このことわりをあるがままに知ったならば、
安らぎ(ニルヴァーナ)に専念するものとなるであろう。
🔍逐語解釈と用語の意味
表現 | 解釈 |
---|---|
善い領域(天) | 天界(デーヴァ界)や人界の中でも善果を得て生まれ変わる清浄な次元。 |
悪い領域(地獄など) | 地獄(ナラカ)・餓鬼・畜生など、苦しみの強い境涯。 |
ことわりをあるがままに知る(ヤーターブータ・ナーナダッサナ) | 真理・現実を歪めずにそのまま観る仏教的智慧の視座。 |
専念する | 一時的な関心ではなく、意志をもって道(ニルヴァーナ)に帰依し続ける姿勢。 |
🧘♂️全体の現代語訳(まとめ)
実際に善き場所(天界)へと向かう人は少なく、
多くの者は煩悩や悪業に引かれて苦しみの多い世界(地獄など)へと向かっている。
この事実を「あるがまま」に理解したならば、
もはや人は現世の楽しみや欲望にとらわれることなく、安らぎ(ニルヴァーナ)への道に心を定めるであろう。
💡解釈と現代的意義
この句は、「人は善行を積み、清らかに生きているようで、実はそうではない」という現実を見据えた厳しい指摘です。
ほとんどの人が「欲望・怒り・無知」に流されて、知らず知らずのうちに苦しみの輪廻(悪い領域)に向かっている。

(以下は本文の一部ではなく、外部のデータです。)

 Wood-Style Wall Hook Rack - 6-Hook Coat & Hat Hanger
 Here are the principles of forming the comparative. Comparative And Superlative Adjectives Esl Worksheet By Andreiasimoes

つまり、“当たり前に生きている”だけでは、善き世界には至れないのだ――
この厳粛な事実を直視したとき、人は「今、自分はどこに向かっているか」と自問するようになる。
そしてその問いは、最終的に「煩悩の火を消す」ための修行=ニルヴァーナへの専念へとつながっていきます。
💼ビジネスにおける適用
観点 | 適用内容 |
---|---|
価値判断の自覚化 | 目先の成果・損得にとらわれてばかりいると、チームや自分の心が「悪い領域=摩擦・疲弊・競争」に落ちていく。 |
経営判断の倫理性 | 楽な近道や非倫理的判断は、短期的に利益を生んでも、結果的には「組織全体を損なう苦界」につながる。 |
個人のキャリア形成 | 周囲に流されず、「この仕事は本当に意味があるか? 自分をよくするか?」という問いを持つことで、長期的な幸福を得られる道を選べる。 |
精神的な指針 | 「多くの人がしているから」ではなく、「それは善なのか?」という軸を持つことで、ブレない生き方ができる。 |
✅心得まとめ
「多くの者は流され、少数だけが登る。ゆえに、意志せよ、今こそ」
人は放っておけば欲望のままに流され、苦しみの連鎖に身を沈めていく。
だがそれを「事実」として知った者は、自らの足で別の道を選びはじめる。
それが安らぎ(ニルヴァーナ)に専念する者の第一歩である。
真理を知るとは、「厳しさを受け入れて、意志ある選択をすること」。
現代においても、流されずに歩む力こそが、もっとも希少で、尊い美徳なのです。